だから同僚の柏木が、『経済セミナー』連載時から絶賛していたこの梶井&松井「ミクロ経済学:戦略的アプローチ」(日本評論社)にだって、そう大した期待をしていたわけではない。冒頭部で、町のパン屋さんの小話が始まって、ああまたか、という感じだった。
が、その後がまったくちがった。
どんなミクロ経済学の教科書でも真っ先に出てくる需要関数と供給関数のグラフが、こいつだとしばらく先まで出てこない。こいつは、全編ミクロ経済学をゲーム理論的なアプローチでまとめなおした経済学の入門書という、少なくともこれまで日本ではお目にかかったことのない代物なのだもの。
だいたい人が何かをやるときには相手がいて、こっちはその相手が何を考えているか、この先どう出るかを計算しながらこっちの動きを塩梅する。で、向こうはこっちの考えやら行動やらを計算しつつ、自分の動きを決める。ゲーム理論というのは、まあそういうお互いのさぐり合いから出てくる行動をモデルにしたものだと思ってほしい。
世の中の経済的な取引というのは、実はすべてそういうものではある。でも、経済学だとまあそれをひとまとめにして、「市場」というものがあって、そこでなにやら見えざる手が働いて需給バランスがとれて価格が決まる、とかいうことになっている。そして逆にそれに影響されすぎて、たとえばMBAなんかの連中は時々、市場を参照しないで自分で値段をつけるってことができなくなってることさえある。
でもそれをベースにして成立しているこれまでのミクロ経済学はもうすでにかなり確立した体系になっていて、今さらそれを新しい形で説明しなおすなんて、できんのかな、という感じだった。でも、結構なところまでカバーしているんだよ、これが。
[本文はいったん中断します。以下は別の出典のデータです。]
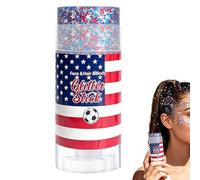Brillo Cabello,Maquillaje Patriótico Holográfico Brillante - Pintura Corporal Glitter Traje 4 Julio | Para Concierto Viaje De Noche Escena Carnaval Día Del Recuerdo
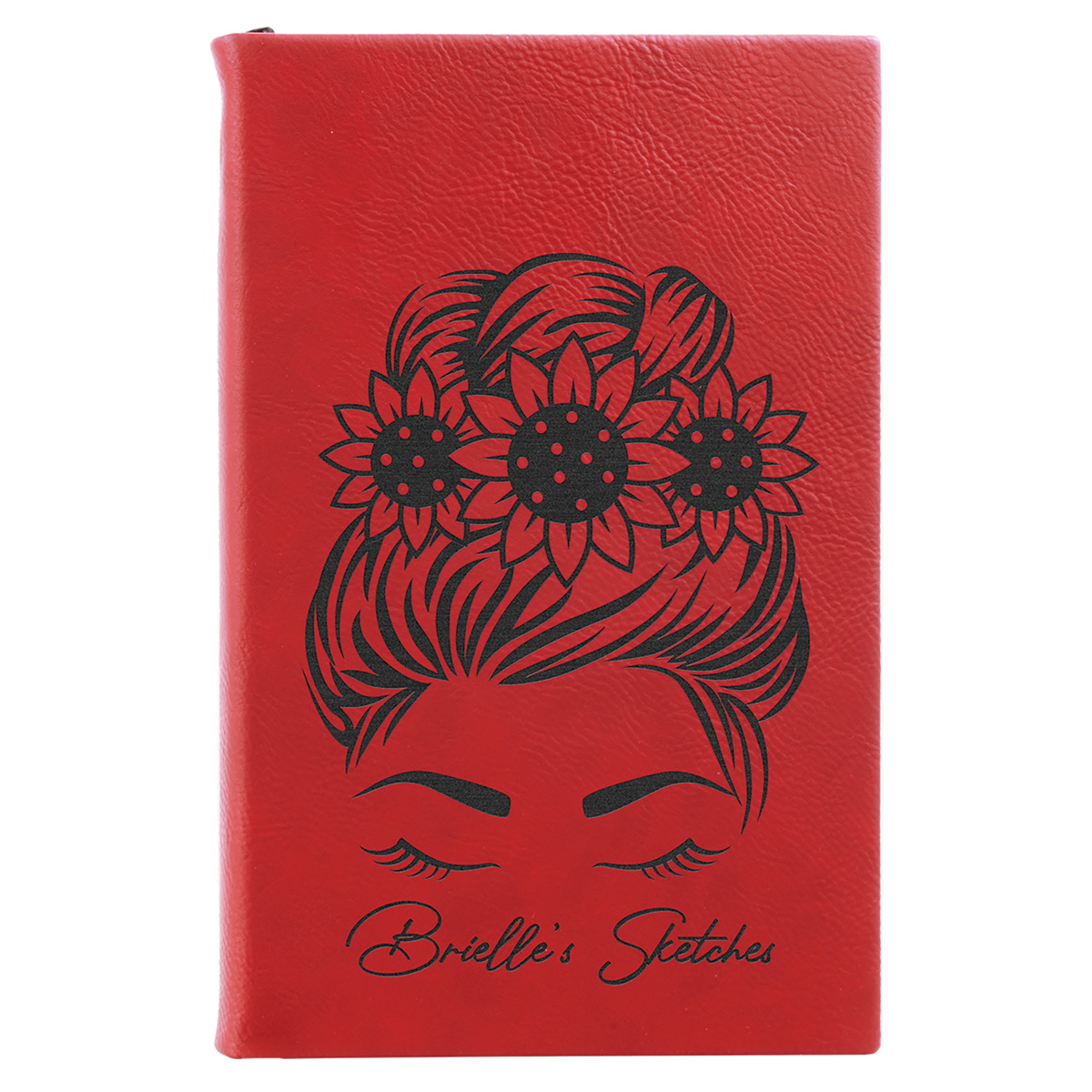Red Small Leatherette Sketchbooks — Ref 2378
寡占の理屈からはじめて、ポートフォリオ理論やオプションまでかじってるし、進化論的ゲーム理論(これは取引ってのが一回だけじゃなくて、先々も続くものだと考えたときにどういうことを人が考えるか、という理屈。二度と会わない相手なら、だましてもいいやと思うけど、これからもつきあいがありそうな相手なら、あとあと仕返しがくるかもしれないからあまりあこぎな真似はできないでしょう)まで入ってて、かなりのところまできている。すごいね。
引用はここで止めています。